§ Task directions:
Pictures stay out; print the rest of the listing below exactly as it stands.

===== Provided material

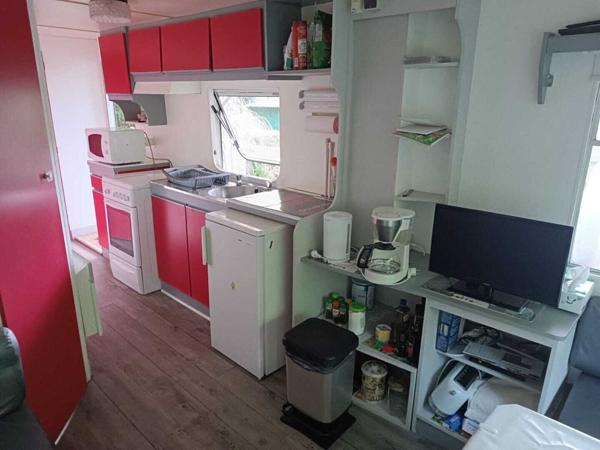 Terrain de loisirs avec mobile home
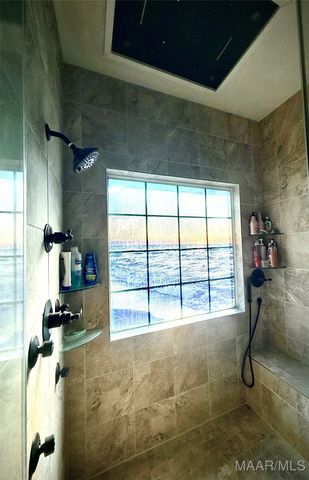 225 Twin Oaks Lane, Wetumpka, AL 36093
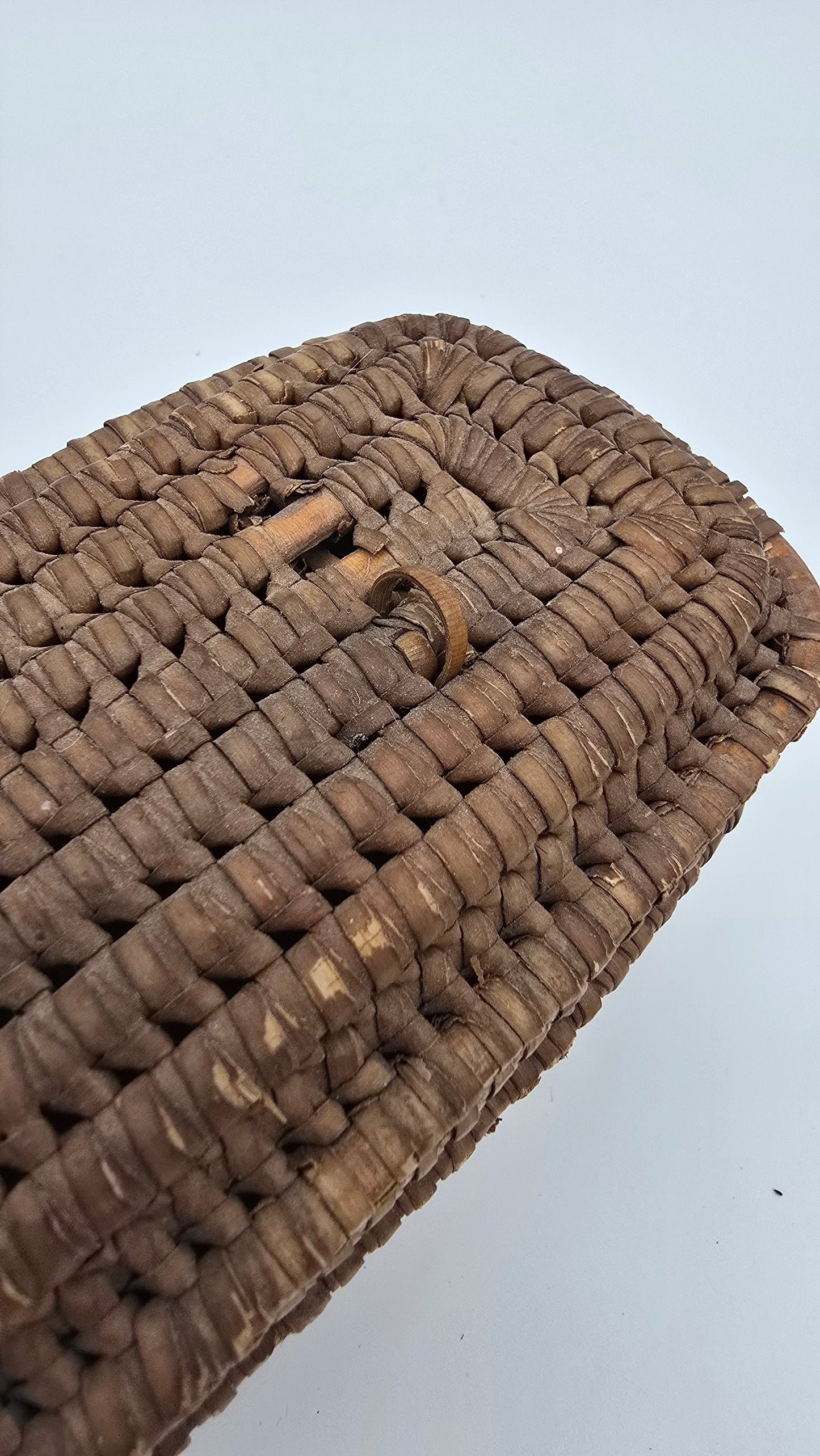 Antique Rattan Wicker Small Basket with Hinge Clasp Lid
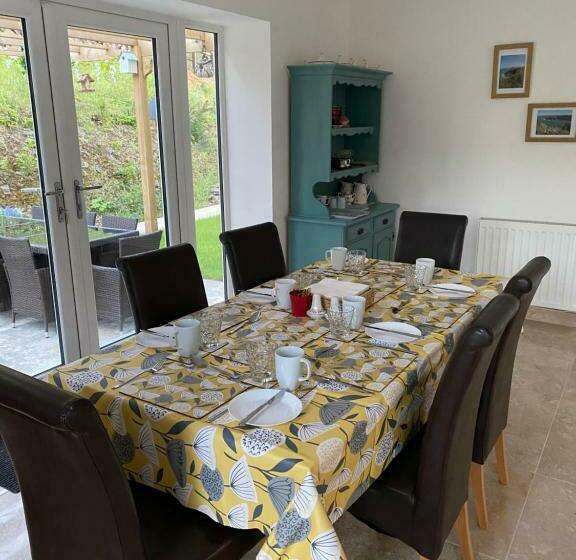 Bed and Breakfast Rowan House Bed Breakfast Main House & Self Contained Self Catering Apartment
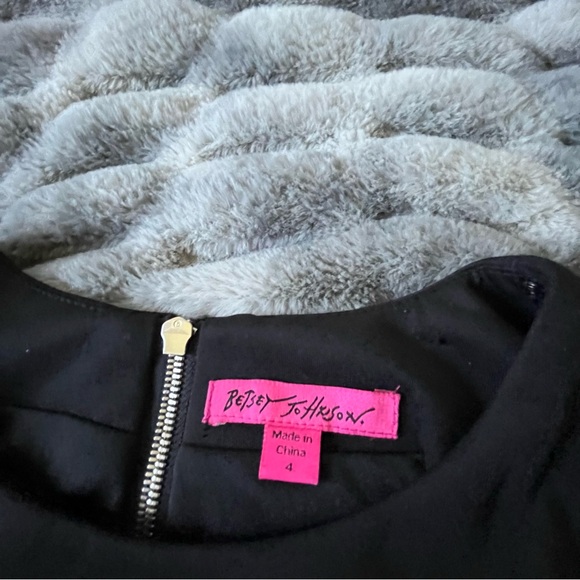 Betsey Johnson Black Lace Bodycon Dress NWT Size 4 ✨ $138 Retail - Picture 3 of 9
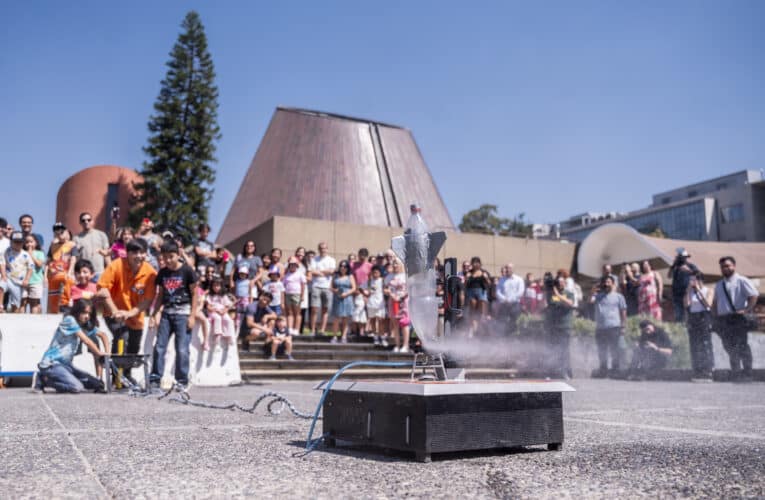 Ministra Aisén Etcheverry celebra la Semana de la Niña y la Mujer en la Ciencia en Planetario USACH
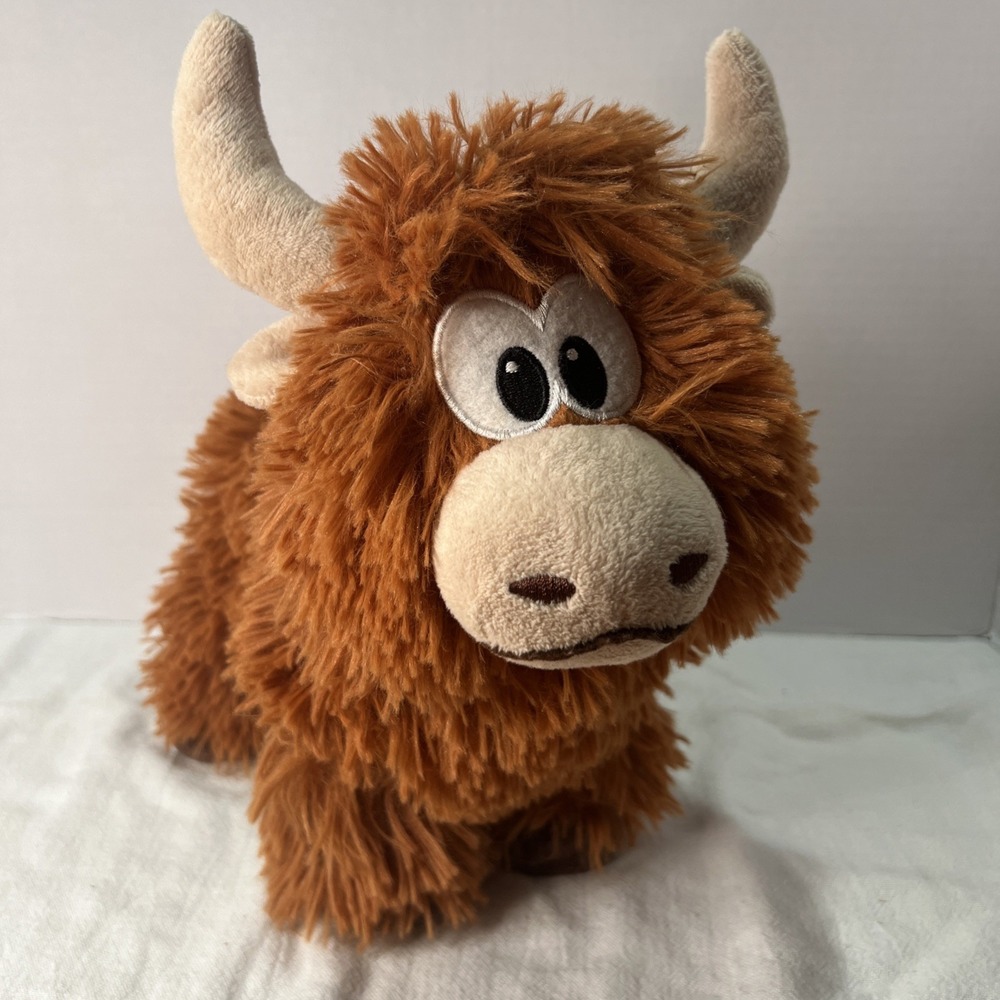 Gemmy Highland Cow Santa Hat Animated Dancing We Wish You A Merry Christmas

==========

§ Answer to this problem:
 Terrain de loisirs avec mobile home
 225 Twin Oaks Lane, Wetumpka, AL 36093
 Antique Rattan Wicker Small Basket with Hinge Clasp Lid
 Bed and Breakfast Rowan House Bed Breakfast Main House & Self Contained Self Catering Apartment
 Betsey Johnson Black Lace Bodycon Dress NWT Size 4 ✨ $138 Retail - Picture 3 of 9
 Ministra Aisén Etcheverry celebra la Semana de la Niña y la Mujer en la Ciencia en Planetario USACH
 Gemmy Highland Cow Santa Hat Animated Dancing We Wish You A Merry Christmas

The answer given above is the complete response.